··· Exercise materials

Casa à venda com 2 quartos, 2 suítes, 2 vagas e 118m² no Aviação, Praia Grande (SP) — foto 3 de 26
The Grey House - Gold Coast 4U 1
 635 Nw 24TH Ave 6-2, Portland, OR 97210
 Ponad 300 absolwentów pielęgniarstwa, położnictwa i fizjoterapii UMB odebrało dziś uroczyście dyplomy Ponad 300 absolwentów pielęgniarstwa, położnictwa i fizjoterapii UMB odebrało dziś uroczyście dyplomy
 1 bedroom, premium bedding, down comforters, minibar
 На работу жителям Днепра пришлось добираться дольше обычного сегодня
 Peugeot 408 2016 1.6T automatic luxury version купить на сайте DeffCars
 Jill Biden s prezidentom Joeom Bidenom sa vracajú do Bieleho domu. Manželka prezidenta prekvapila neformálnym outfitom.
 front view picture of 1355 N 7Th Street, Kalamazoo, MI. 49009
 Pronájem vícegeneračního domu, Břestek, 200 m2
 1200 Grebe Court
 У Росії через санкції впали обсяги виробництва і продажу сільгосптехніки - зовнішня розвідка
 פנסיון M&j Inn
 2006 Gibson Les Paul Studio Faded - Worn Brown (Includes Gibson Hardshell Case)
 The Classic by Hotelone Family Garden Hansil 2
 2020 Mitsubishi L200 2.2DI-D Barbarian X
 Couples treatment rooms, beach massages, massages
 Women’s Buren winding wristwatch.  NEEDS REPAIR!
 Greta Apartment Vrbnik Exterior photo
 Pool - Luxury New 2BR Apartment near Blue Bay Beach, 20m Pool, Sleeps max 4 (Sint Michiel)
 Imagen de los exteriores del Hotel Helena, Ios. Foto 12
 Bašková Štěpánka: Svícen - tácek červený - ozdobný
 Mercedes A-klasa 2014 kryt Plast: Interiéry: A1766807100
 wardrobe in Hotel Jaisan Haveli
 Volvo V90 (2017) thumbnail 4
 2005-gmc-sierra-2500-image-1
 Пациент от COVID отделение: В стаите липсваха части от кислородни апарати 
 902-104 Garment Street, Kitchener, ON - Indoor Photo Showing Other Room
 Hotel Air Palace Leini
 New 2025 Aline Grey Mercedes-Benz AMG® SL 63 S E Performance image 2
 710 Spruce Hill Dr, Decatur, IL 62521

······

What is needed —
Give back the records above exactly, limited to the lines between the one holding "Bašková Štěpánka: Svícen" and the one holding "Hotel Air Palace Leini", inclusive.

Result —
 Bašková Štěpánka: Svícen - tácek červený - ozdobný
 Mercedes A-klasa 2014 kryt Plast: Interiéry: A1766807100
 wardrobe in Hotel Jaisan Haveli
 Volvo V90 (2017) thumbnail 4
 2005-gmc-sierra-2500-image-1
 Пациент от COVID отделение: В стаите липсваха части от кислородни апарати 
 902-104 Garment Street, Kitchener, ON - Indoor Photo Showing Other Room
 Hotel Air Palace Leini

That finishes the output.